3.11   Dado que os objectivos desta iniciativa são expressamente de ordem socioeconómica e de emprego, a eficácia dos programas deve absolutamente ser avaliada também nestes domínios, de forma diferenciada segundo os dois grupos visados (microempresas do sector da economia social e pessoas desfavorecidas). Visto que até agora só são tidos em conta o volume de crédito e o número de beneficiários, o Comité recomenda que também se considere a primeira inserção no mercado de trabalho, o rendimento obtido e os efeitos indirectos suplementares no trabalho dos diferentes grupos mencionados na comunicação da Comissão. Só então se poderá provar o êxito da iniciativa nestes dois domínios (15).

3.12   Há que destacar que, no n.o 1 do artigo 4.o, a proposta da Comissão também prevê medidas de apoio, nomeadamente actividades de comunicação, acompanhamento, controlo, auditoria e avaliação. Contudo, não está claro se se trata de aconselhamento para os fundadores de empresas ou para as instituições de microfinança sobre a forma como estas se devem organizar e como os fundos disponíveis devem ser repartidos entre garantias, instrumentos de capital próprio, títulos de dívida e medidas de apoio.
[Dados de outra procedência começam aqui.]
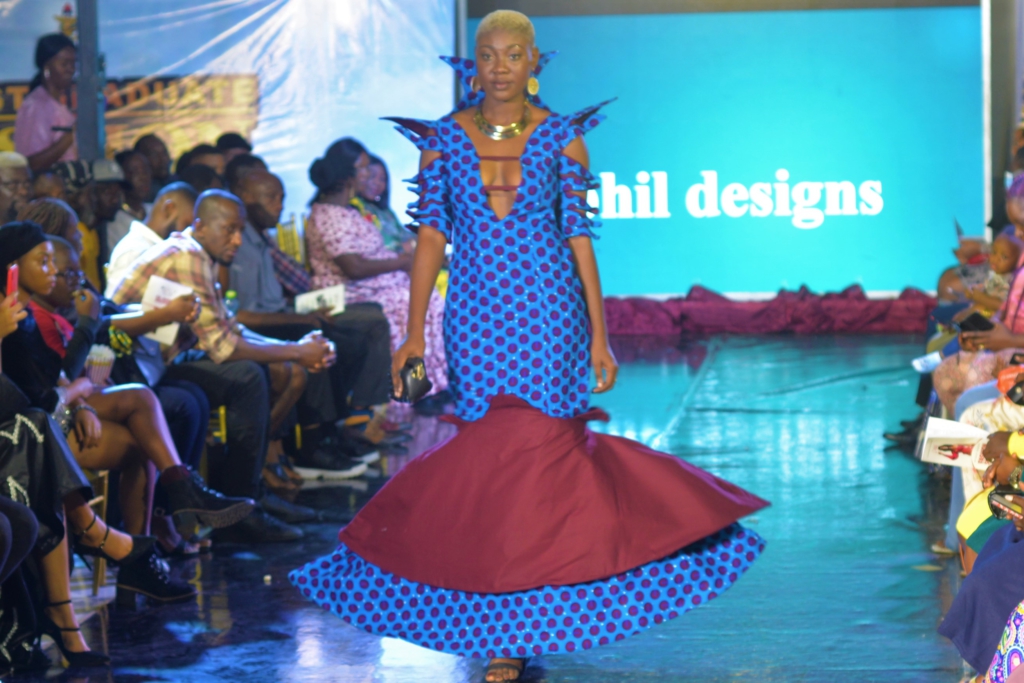 Exquisite designs at KNUST Fashion Show 2022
3.13   Há que garantir que as condições dos juros bonificados sejam transmitidas aos clientes. Simultaneamente, há que especificar que parte dos fundos é destinada aos bancos intermediários e/ou às instituições de microfinança como pagamento pela execução dos contratos.

3.14   Como mencionado no parecer INT/495, o Comité apoia a iniciativa de criar um novo instrumento de microfinanciamento para os grupos visados, mas tem dúvidas quanto à pertinência de financiar um novo instrumento de microfinanciamento através da redução de meios do PROGRESS. O CESE recomenda que se analisem outras fontes de financiamento disponíveis, além do PROGRESS, para o novo instrumento.

Bruxelas, 1 de Outubro de 2009.

O Presidente do Comité Económico e Social Europeu

Mario SEPI


(1)  COM(2007) 708 p. 2.

(2)  Idem, p. 11.

(3)  Idem, p. 2.

(4)  JO L 124 de 20.5.2003, p. 36.

(5)  COM(2009) 257 de 3.6.2009.

(6)  COM(2009) 333.

(7)  Eurobarómetro (2005): “O acesso das PME ao financiamento”, Eurobarómetro Flash n.o 174.

(8)  COM(2006) 349 p. 9.

(9)  COM(2005) 121 p. 6.

(10)  COM(2007) 708 p. 3.

(11)  JO C110 de 9.5.2006.

(12)  Ver http://www.gemconsortium.org/download.asp?fid=608.

(13)  Ver http://ssrn.com/abstract=976211.

(14)  Sobre o tema do microfinanciamento na UE, ver: www.nantiklum.org/Overview_final_web.pdf e www.european-microfinance.org/data/file/Librairy/ISSUE%20PAPER.pdf.

(15)  Para um tal método: ftp://repec.iza.org/RePEc/Discussionpaper/dp3220.pdf.